Increased demand on resource efficient battery technologies and development of materials has urged an interest on Me–air batteries, such as Zn–air and Al–air, due to their high theoretical specific energies as well as using low cost, safe and abundant materials. In this regard, while employing pure metals as anode material is one line of development [1,2], modification of the electrode by alloying with other elements is also subject to recent investigations [3]. Up to now, the influence of the alloying on the electrochemical properties of the electrode, i.e. interactions between the microstructure constituents, impact on the potential, corrosion behavior as well as the electrolyte decomposition (water or oxygen reduction), have not been systematically investigated for alloys in the Al/Zi system.

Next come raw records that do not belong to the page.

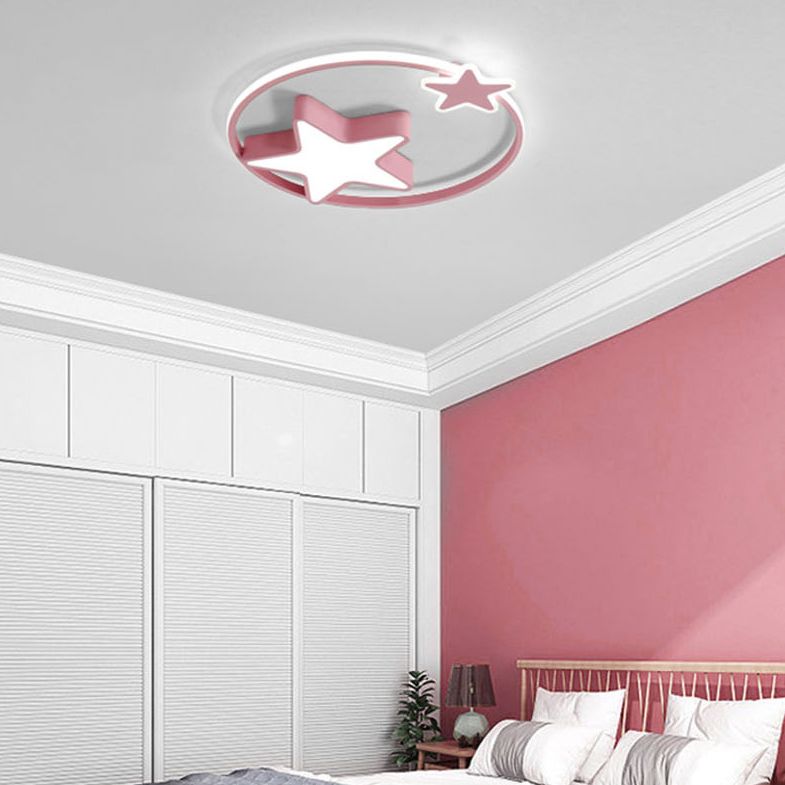 Minimalist Star Massimale Flush Light Metal Childrens Bedroom LED Flush Mount in Remote Control Stepless Dimming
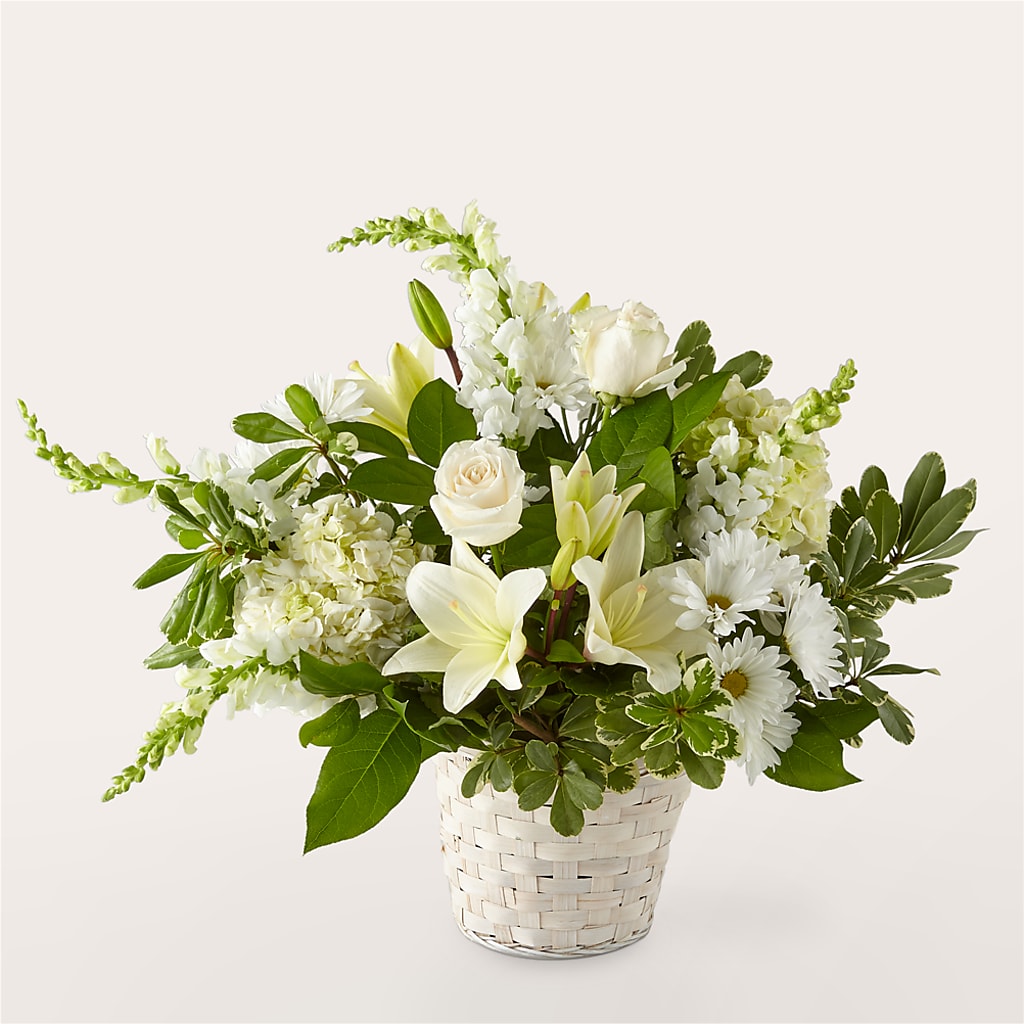 Ivory Elegance Floral Basket – Joannies Floral Of Birch Run, Birch Run MI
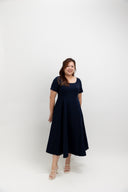 Panelled Midi Dress  (Ink Navy)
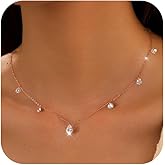 YYDSUNY Diamond Necklaces for Women, 925 Sterling SIlver White Cubic Zirconia Choker Necklace 14K Gold Plated Dainty Simple Six CZ Non Tarnish Charm Chain Trendy Wedding Birthday Jewelry Gifts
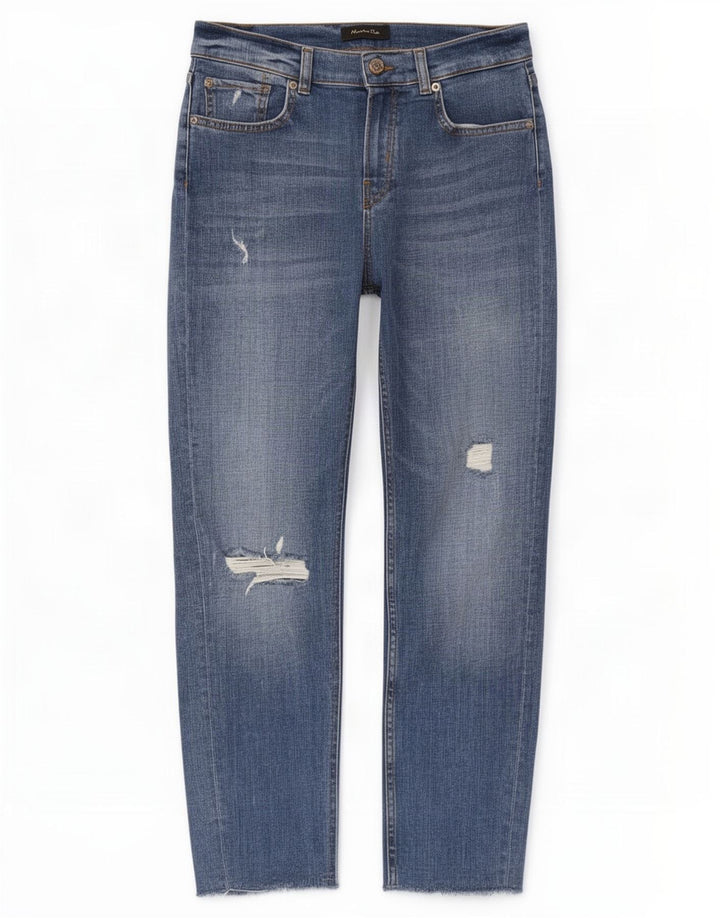 Massimo Dutti Blugi slim pentru femei distressed EU 38 Small W28 L27 Blue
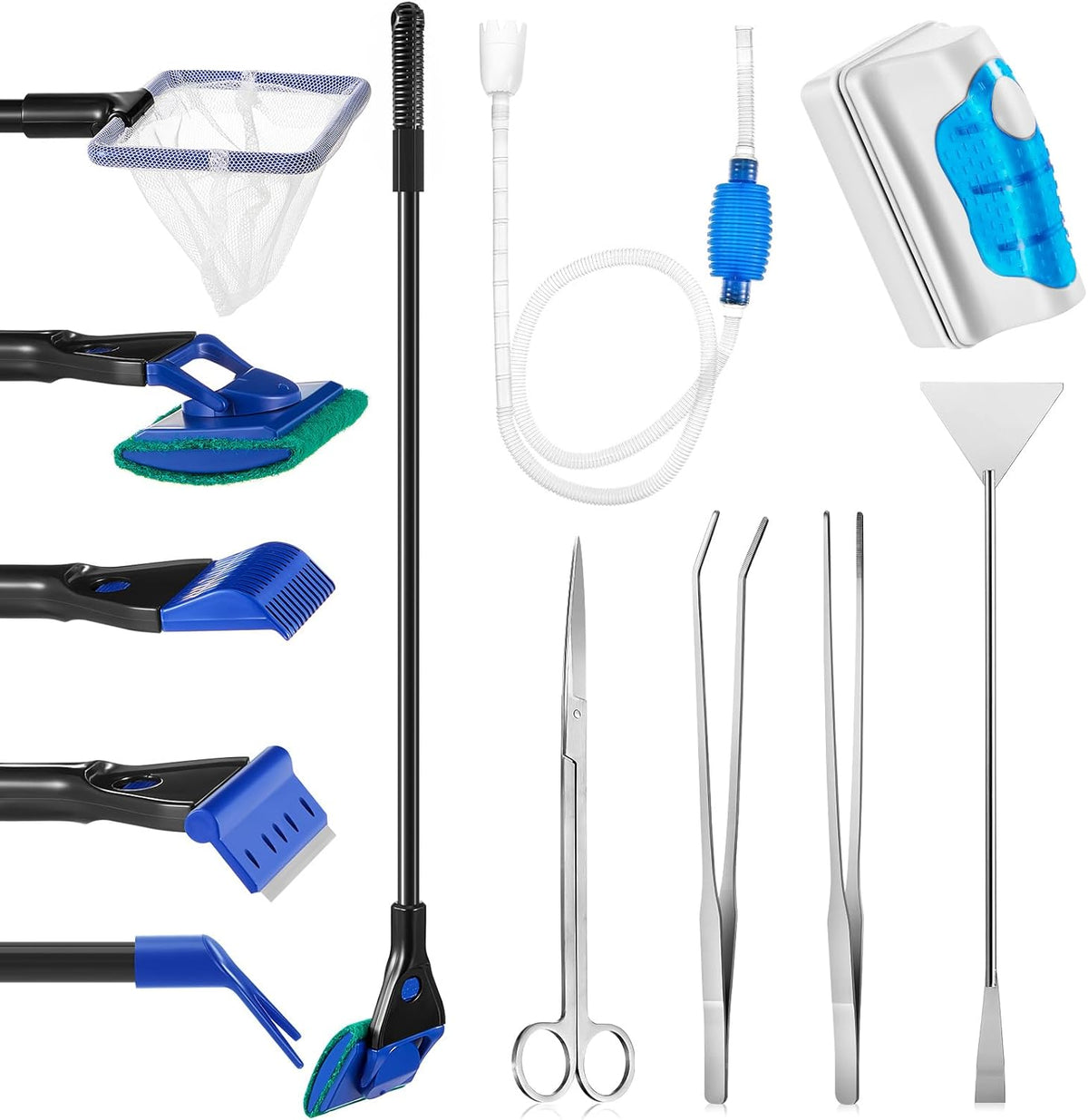 Aquarium Fish Tank Cleaning Tool Kit Include 4 Pcs Long Aquascape Tools Kit 1 Pcs Magnetic Glass Cleaner Brush 5 in 1 Fish Tank Gravel Cleaner and Siphon Vacuum for Terrarium Fish Tank Set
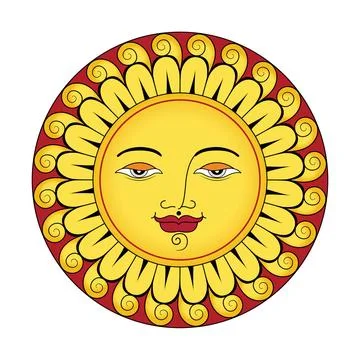 Sun face with flower shaped rays around, calm charm vector sun face Stock Illustration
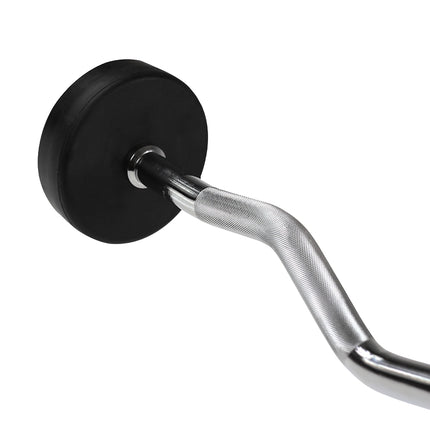 20 kg Rubber Coated Curl Bar – Gym Equipment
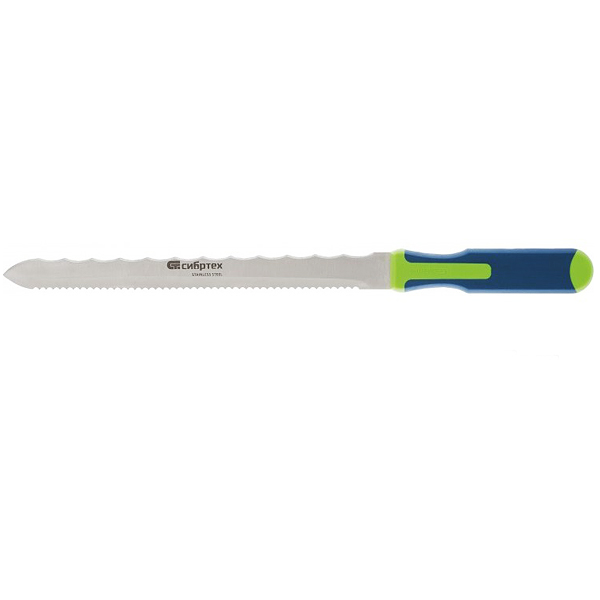 Нож, 420 мм, для резки теплоизоляц, панелей, 2-стороннее лезвие - 280 мм, обрезин. рукоятка, "СИБРТЕХ" /79027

The main objective of this work is to characterize the electrochemical properties of Al-Zn alloys in neutral aqueous solutions. Al-Zn alloys with six different compositions were prepared in a muffle furnace and shaped to anodes. Microstructure of the anodes in the initial state was analyzed with respect to the fractions of its constituents. The electrochemical characterization of the prepared alloy anodes encompass (i) open circuit potential, (ii) potentiodynamic polarization measurements and corresponding determination of corrosion parameters, (iii) galvanostatic discharge/charge experiments under various current densities. The potentiodynamic polarization results are further discussed with Evans diagrams considering on possible scenarios for the galvanic interactions of the different microstructure constituents. A comprehensive analysis of the surface characteristics of the alloys is also carried out after the electrochemical experiments in order to reveal the interactions during discharge. Based on the electrochemical results on potentials, charge/discharge and corrosion behavior, the Al/Zi alloys are evaluated with respect to their suitability for application in batteries.

References:

[1] Sumboja, A., Ge, X., Zheng, G., Goh, F. W. T., Hor, T. S. A., Zong, Y., Liu, Z., Journal of Power Sources 332, 330–336 (2016).

[2] Fan, L., Lu, H., Leng, J., Electrochimica Acta 165, 22–28 (2015).

[3] Pino, M., Herranz, D., Chacon, J., Fatas, E., Ocon, P., Journal of Power Sources 326, 296–302 (2016)